Die Daten gewannen die Forscher mit Hilfe von 63 Probanden, von denen zehn Analphabeten waren, 22 im Erwachsenenalter das Lesen erlernt hatten und 31 eine ganz normale Schulbildung durchlaufen haben. Die Studie wurde gleichzeitig in Portugal und Brasilien durchgeführt. Bis vor einigen Jahrzehnten kam es in diesen Ländern noch häufig vor, dass Kinder auf Grund ihres sozialen Status nicht die Schule besuchen konnten.
Wurden den Probanden geschriebene Sätze vorgelegt, zeigten die Lesekundigen im Gegensatz zu den Analphabeten eine erhöhte Aktivität mehrerer Gehirnregionen. Die betreffenden Areale sind für die Verarbeitung visueller und sprachlicher Informationen zuständig. Die visuellen Areale, die bei den Lesekundigen die geschriebenen Worte dekodieren, haben bei den Analphabeten eine ähnliche Funktion, nämlich die visuelle Erkennung von Objekten und Gesichtern.
Der visuelle Cortex organisiert sich teilweise neu, wobei die Worterkennung in Konkurrenz zu anderen Leistungen des visuellen Cortex - der Gesichter- und Objekt-Erkennung - tritt.

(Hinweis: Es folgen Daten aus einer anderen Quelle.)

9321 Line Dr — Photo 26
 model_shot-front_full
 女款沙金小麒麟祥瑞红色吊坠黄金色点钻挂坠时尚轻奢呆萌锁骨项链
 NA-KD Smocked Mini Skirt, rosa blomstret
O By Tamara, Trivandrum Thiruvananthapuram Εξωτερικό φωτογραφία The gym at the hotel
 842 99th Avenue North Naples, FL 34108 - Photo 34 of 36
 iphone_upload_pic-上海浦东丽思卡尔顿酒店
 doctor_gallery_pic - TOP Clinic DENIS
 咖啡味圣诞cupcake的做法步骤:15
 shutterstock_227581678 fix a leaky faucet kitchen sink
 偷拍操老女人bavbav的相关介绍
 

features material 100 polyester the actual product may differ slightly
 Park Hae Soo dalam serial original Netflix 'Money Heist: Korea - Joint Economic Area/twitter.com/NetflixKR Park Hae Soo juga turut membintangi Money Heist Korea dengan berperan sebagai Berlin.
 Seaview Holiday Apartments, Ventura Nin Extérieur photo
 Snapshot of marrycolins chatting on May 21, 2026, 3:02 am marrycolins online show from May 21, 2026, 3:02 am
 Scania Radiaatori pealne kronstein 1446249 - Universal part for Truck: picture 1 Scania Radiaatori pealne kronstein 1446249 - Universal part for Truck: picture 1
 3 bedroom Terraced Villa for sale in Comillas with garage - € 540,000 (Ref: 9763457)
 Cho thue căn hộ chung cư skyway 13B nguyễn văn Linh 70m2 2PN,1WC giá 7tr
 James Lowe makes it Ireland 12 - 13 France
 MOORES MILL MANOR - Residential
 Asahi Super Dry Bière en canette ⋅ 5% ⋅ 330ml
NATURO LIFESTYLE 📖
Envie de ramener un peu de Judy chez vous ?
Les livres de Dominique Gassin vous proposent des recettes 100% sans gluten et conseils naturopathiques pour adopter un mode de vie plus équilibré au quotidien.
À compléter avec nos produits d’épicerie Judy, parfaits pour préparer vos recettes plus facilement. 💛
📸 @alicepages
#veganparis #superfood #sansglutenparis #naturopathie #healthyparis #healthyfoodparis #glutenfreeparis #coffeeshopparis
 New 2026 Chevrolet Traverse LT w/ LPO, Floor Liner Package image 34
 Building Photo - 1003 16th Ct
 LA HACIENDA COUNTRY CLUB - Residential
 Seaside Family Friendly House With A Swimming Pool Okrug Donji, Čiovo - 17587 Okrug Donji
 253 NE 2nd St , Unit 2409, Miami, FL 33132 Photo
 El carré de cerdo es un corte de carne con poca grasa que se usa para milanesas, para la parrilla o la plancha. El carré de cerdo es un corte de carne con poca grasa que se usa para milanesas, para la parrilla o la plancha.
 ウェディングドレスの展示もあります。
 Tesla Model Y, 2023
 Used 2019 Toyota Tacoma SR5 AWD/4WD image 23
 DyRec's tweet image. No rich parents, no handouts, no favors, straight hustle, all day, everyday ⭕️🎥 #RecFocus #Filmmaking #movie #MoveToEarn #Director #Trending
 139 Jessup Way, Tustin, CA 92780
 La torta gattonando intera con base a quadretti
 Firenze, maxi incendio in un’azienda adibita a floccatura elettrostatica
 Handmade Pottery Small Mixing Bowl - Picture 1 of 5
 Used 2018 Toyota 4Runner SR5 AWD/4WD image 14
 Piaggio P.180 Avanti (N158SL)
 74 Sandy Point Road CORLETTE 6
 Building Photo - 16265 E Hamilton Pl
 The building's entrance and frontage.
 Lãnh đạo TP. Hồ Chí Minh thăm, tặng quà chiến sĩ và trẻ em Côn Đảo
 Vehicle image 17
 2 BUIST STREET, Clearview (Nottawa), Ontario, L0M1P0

Gehirne besonders flüssig Lesender brauchen für die Gesichtserkennung nur einen geringen Aufwand.
Die meisten Auswirkungen des Lesenlernens auf den Cortex sind bei den Probanden, die eine ganz normale Schulbildung durchlaufen haben, die gleichen wie bei den Probanden, die erst als Erwachsene das Lesen erlernt haben. Das Gehirn sei also plastisch genug, dass auch das Lesenlernen im Erwachsenenalter noch zu ähnlichen Ergebnissen führt wie in der gewöhnlichen Schulzeit, folgern die Wissenschaftler.
Quelle: Dehaene, S., et al.: Science 2010, Online-Veröffentlichung DOI: 10.1126/science.1194140.